## Activity
A word-for-word retyping of the listing below is required, with the pictures dropped.

Start of Given material

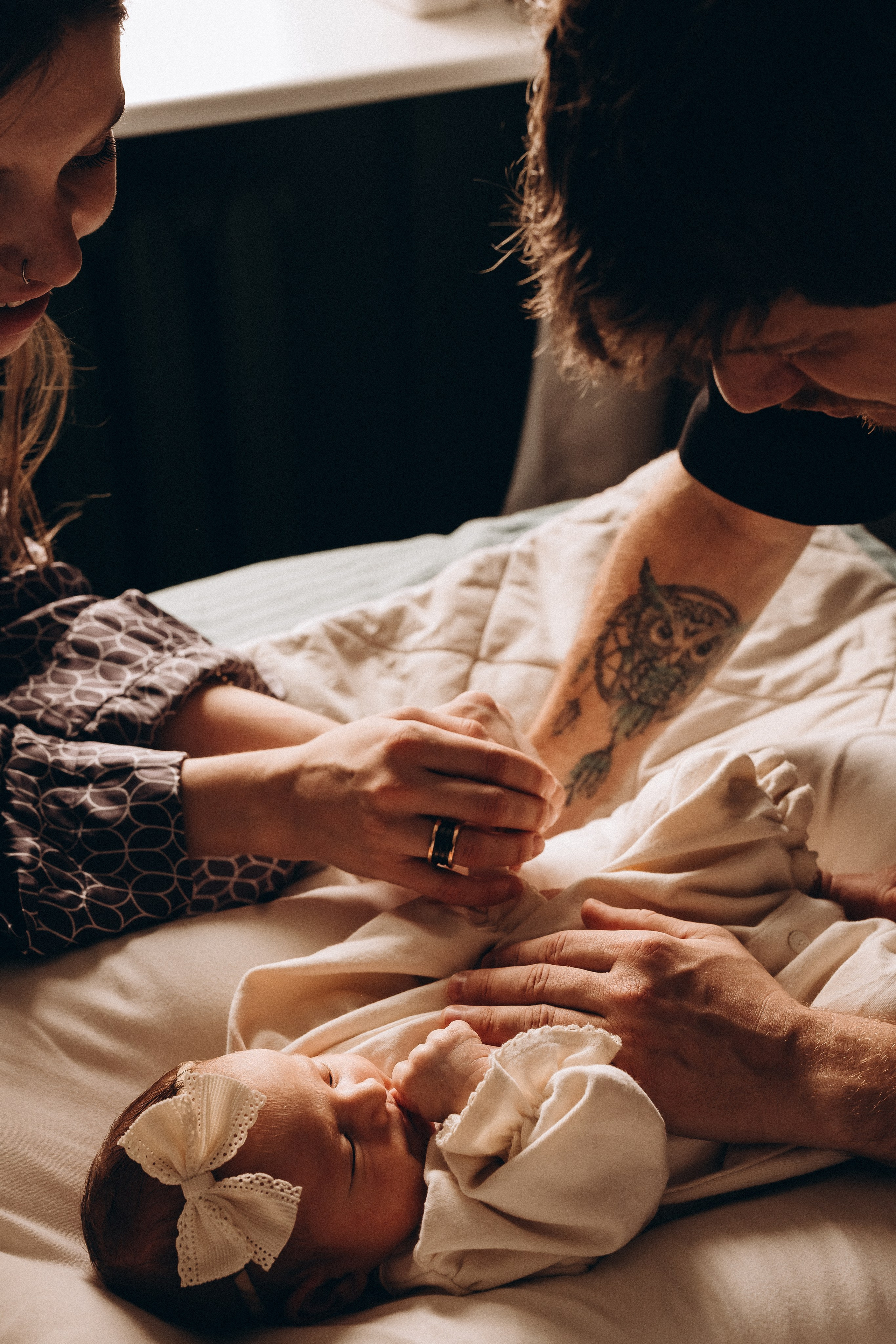 Александра. Евгения Пелипас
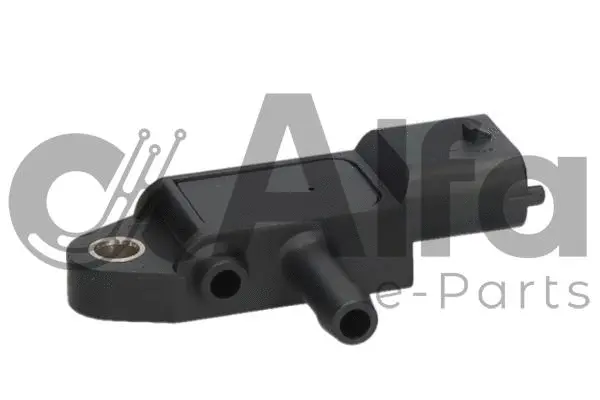 Sensor, exhaust pressure (AF01687)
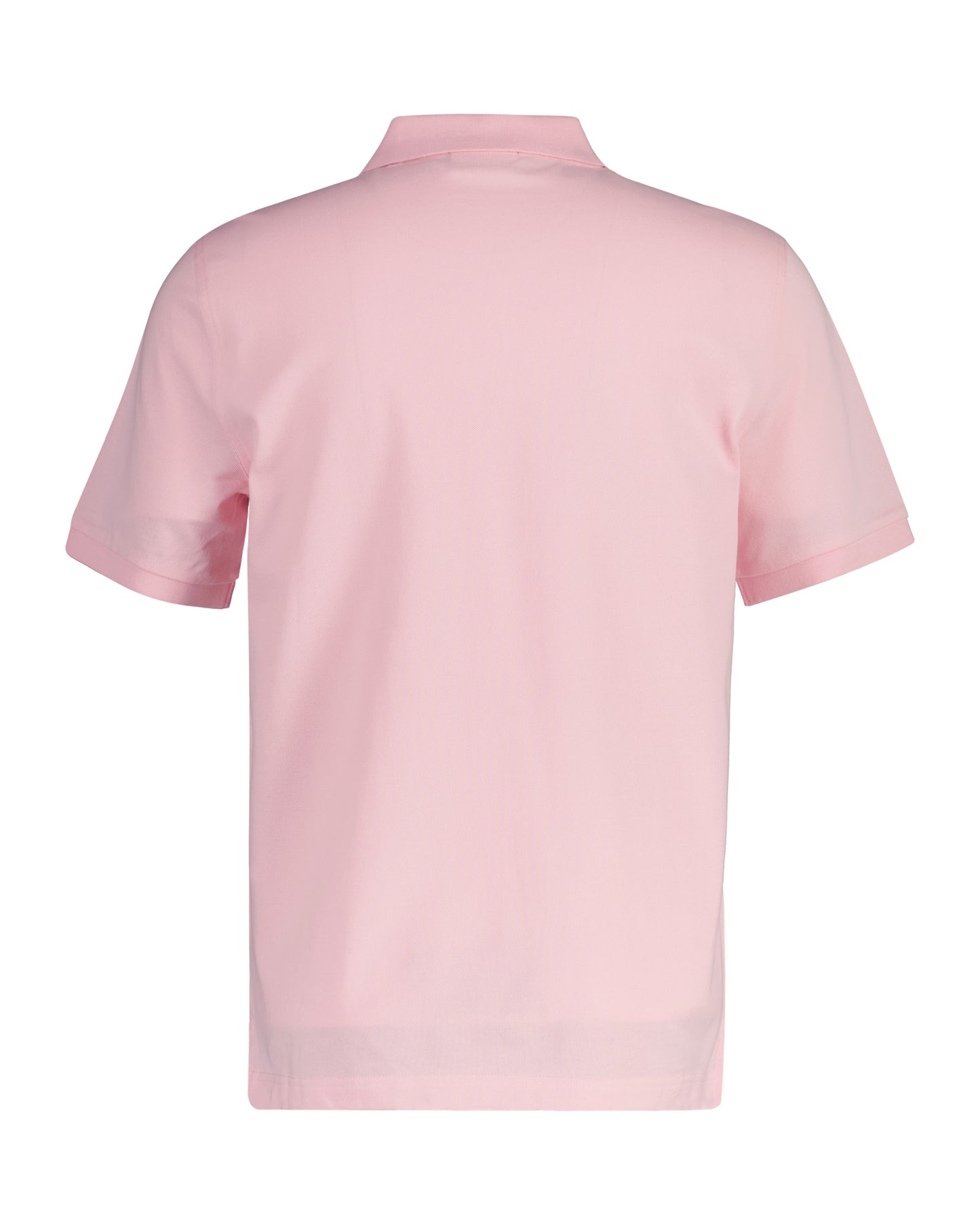 CALIFORNIA PINK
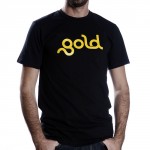 Stasera mettiti gold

End of Given material

## Result of the task
 Александра. Евгения Пелипас
 Sensor, exhaust pressure (AF01687)
 CALIFORNIA PINK
 Stasera mettiti gold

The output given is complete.